WORK INSTRUCTION –
The entries below contain pictures, which are to be left out; write out exactly, and only, the lines from the line with "Green⁩ at Wasserman.eu" up to and including the line with "lot 133 image: (8) Kevin Garnett Cards".

DATASET RECORDS –
Segment Open

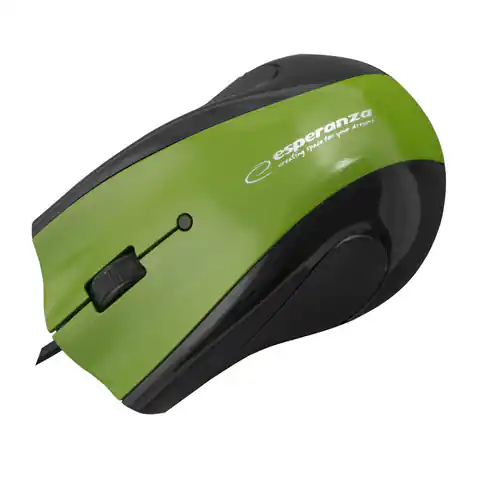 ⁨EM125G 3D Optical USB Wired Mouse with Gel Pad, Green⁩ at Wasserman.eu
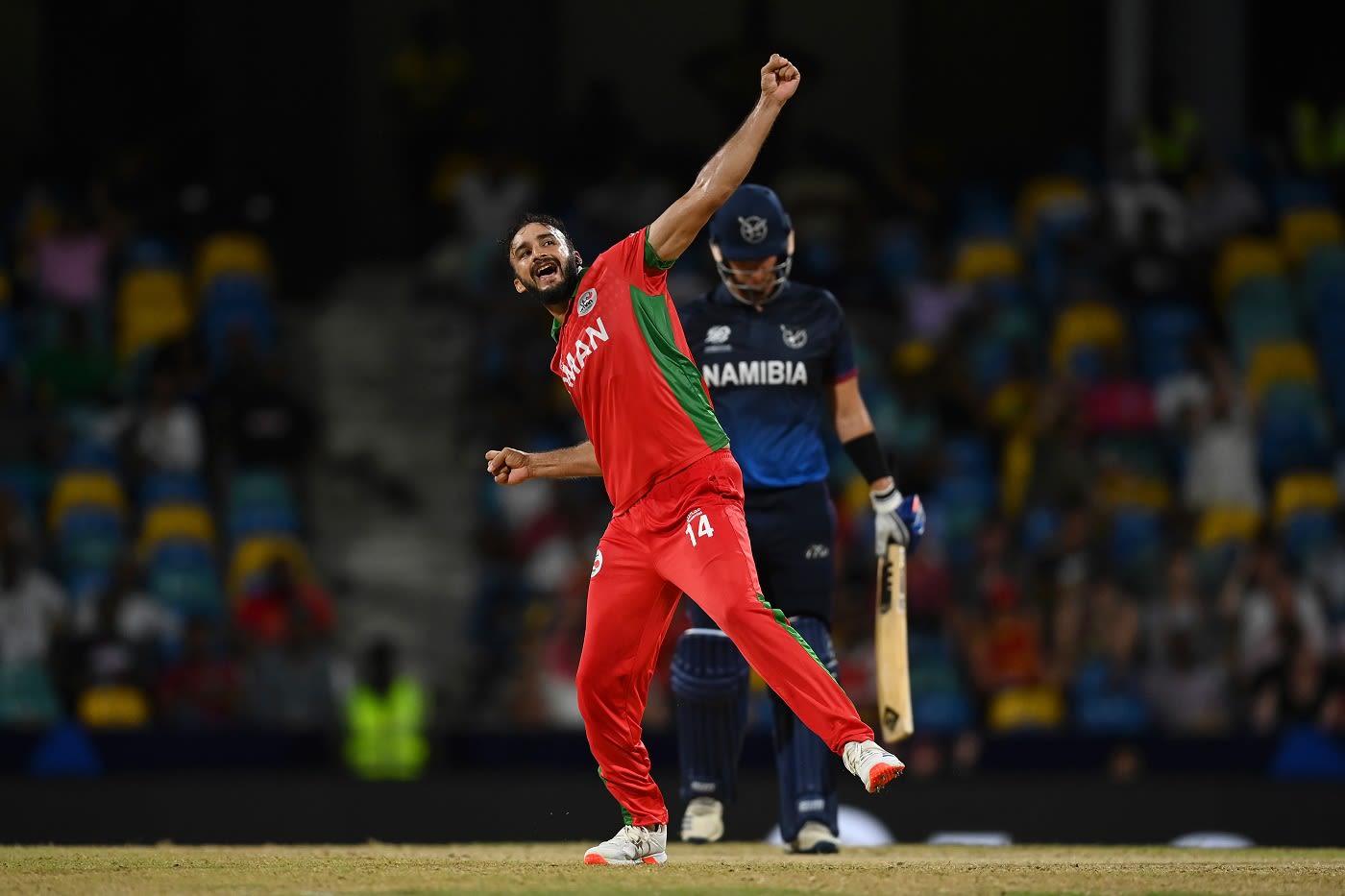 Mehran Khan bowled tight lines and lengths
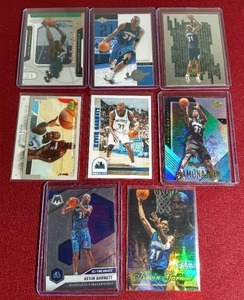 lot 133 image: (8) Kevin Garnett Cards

Segment Closed
Segment Open

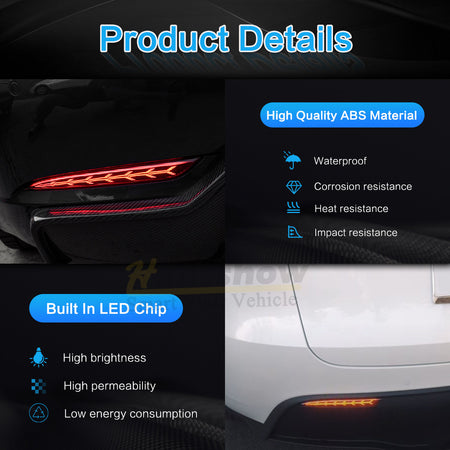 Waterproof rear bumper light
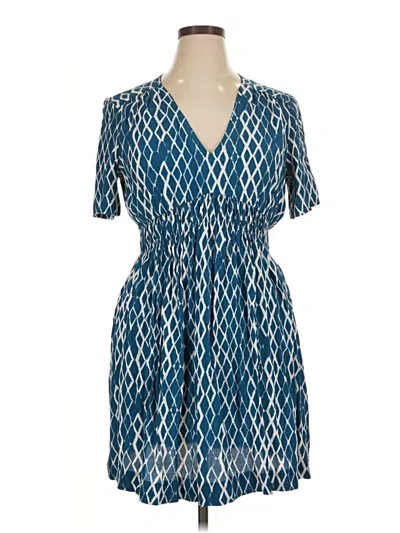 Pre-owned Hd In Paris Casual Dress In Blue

Segment Closed
Segment Open

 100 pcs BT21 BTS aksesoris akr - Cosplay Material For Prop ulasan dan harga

Segment Closed

ANSWER TO THIS EXERCISE –
 ⁨EM125G 3D Optical USB Wired Mouse with Gel Pad, Green⁩ at Wasserman.eu
 Mehran Khan bowled tight lines and lengths
 lot 133 image: (8) Kevin Garnett Cards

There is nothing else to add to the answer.